Hi, this (87) is likely same problem, the port is in the process of being closed and so some parameters to Win API are (already) invalid.

The exception handling for read was changed in 1.0.1 to throw always IOException instead of IllegalStateException but otherwise the logic should be the same.

I still think the problem is that something causes your code to close the port and these things we are seeing here are just red herrings.

From the little information you've provided it looks your code is somewhat complex, I would try to create a simple standalone test case to see what is happening. I'm pretty sure PJC is behaving correctly as there are so many users out there that a serious problem would/should have surfaced by now.

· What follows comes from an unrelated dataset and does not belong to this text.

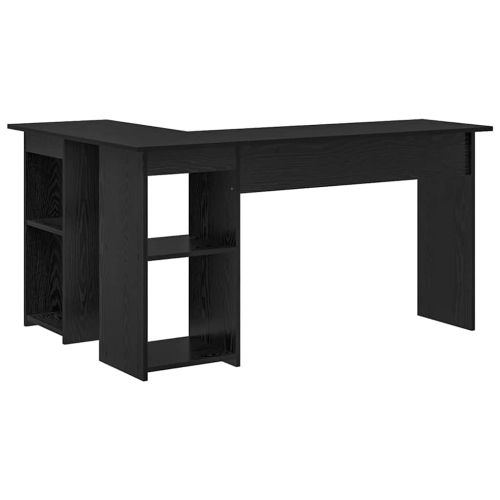 Бюро Черния дъб 142 x 102 x 73 см Инженерна дървесина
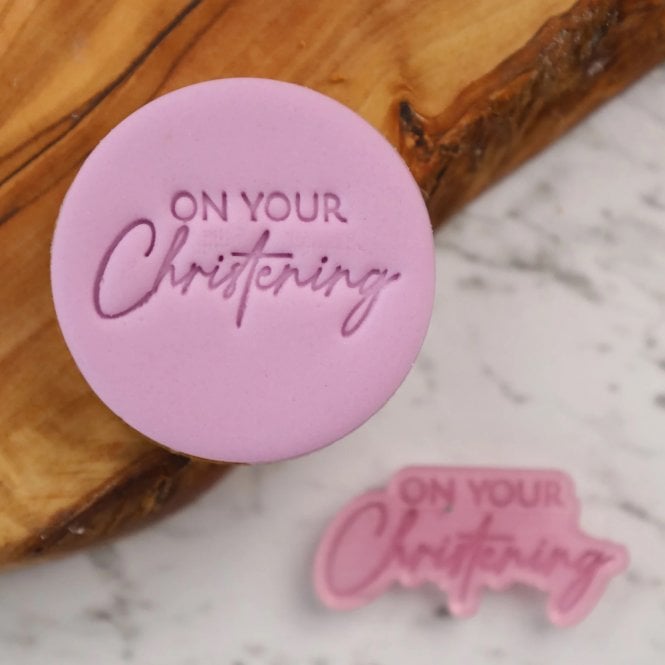 Sweet Stamps The Amy Jane Collection Signature Embossers - On Your Christening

Your original post said you problems with long reads (26,885 bytes you mention): there is nothing special with long reads so I suspect that again this is a red herring, it is just that with long reads you are more likely to hit the timing/concurrency issue you are having.

GlennED commented 7 years ago

I was able to use 1.0.0 PureJavaComm source + fix for error code 87 (for Windows) to build a new .jar file that I am now able to use without any problems using our original source code.

I have looked at the ChangeLog for 1.0.1 but I would need more information on all the changes between 1.0.0 and 1.0.1 to understand why version 1.0.1 does not work for our application.

nyholku commented 7 years ago

Glad to hear that.

So can you share what you did?

As to changes between versions gituhub has excellent tools to do that on line or you can download both versions and do a 'diff'.

GlennED commented 7 years ago

I modified the JTermiosImpl class' "select" method to add check for ERROR_INVALID_PARAMETER.

Fix.zip

nyholku commented 7 years ago

Thanks. Hope that does not hide some more fundamental problem...

GlennED commented 7 years ago

Me too. This software has been using RxTx 2.1 for approximately 10 years but we wanted to add support for Bluetooth serial ports on Windows and Mac platforms. Testing on Windows platform with one product works but testing on the Mac platform has not succeeded yet but I need to test again using the modified 1.0.0 library. Do you know if Bluetooth serial ports on the macOS platform has worked for other users of PureJavaComm?

nyholku commented 7 years ago

Hi, never had the opportunity to test Bluetooth serial devices on any platform. I think one issue is that they maybe very slooooow to open which maybe a problem if the open timeout is too tight.

GlennED commented 7 years ago

Hi,

I have located the change implemented in the 1.0.1 version that prevents this version from being used by our software. It is in the windows JTermiosImpl class on line #840 is where the port.fail() method is called.

if (!GetOverlappedResult(port.m_Comm, port.m_SelOVL, port.m_SelN, false)) { if (GetLastError() != ERROR_IO_INCOMPLETE) port.fail(); }

Reverting this change makes the 1.0.1 library work! Can you explain what this change was supposed to fix?

nyholku commented 7 years ago

Good question!

It looks like it was sneaked in here:

https://github.com/nyholku/purejavacomm/commit/7bb52d3674b2df886a4b72617d169f627d493ce1

In retrospect it looks unnecessary and a bit overzealous. Basically if GetOverlappedResult return false then you are supposed to call GetLastError() to find out why so I guess I (?) added this but apparently there are one or more legit return values that in that circumstance which should be ignored and not invoke port.fail().

Can you debug a bit further and see what is/are the error codes you see at that point?

It is true that in that point in code it probably is ok to just ignore the error code but looks a bit sloppy to me.

GlennED commented 7 years ago

Hi, I restored the original source code and debugged it further.

The error code that is happening at that point is ERROR_OPERATION_ABORTED (ie. 995)

nyholku commented 7 years ago

Thanks for debuggin, that makes sense, so we need to add that to the ignore error (no fail) case.

Siebje commented 4 years ago

Did this change ever make it into a release? I'm running into the same problem, and it seems it has not been resolved in 1.0.3.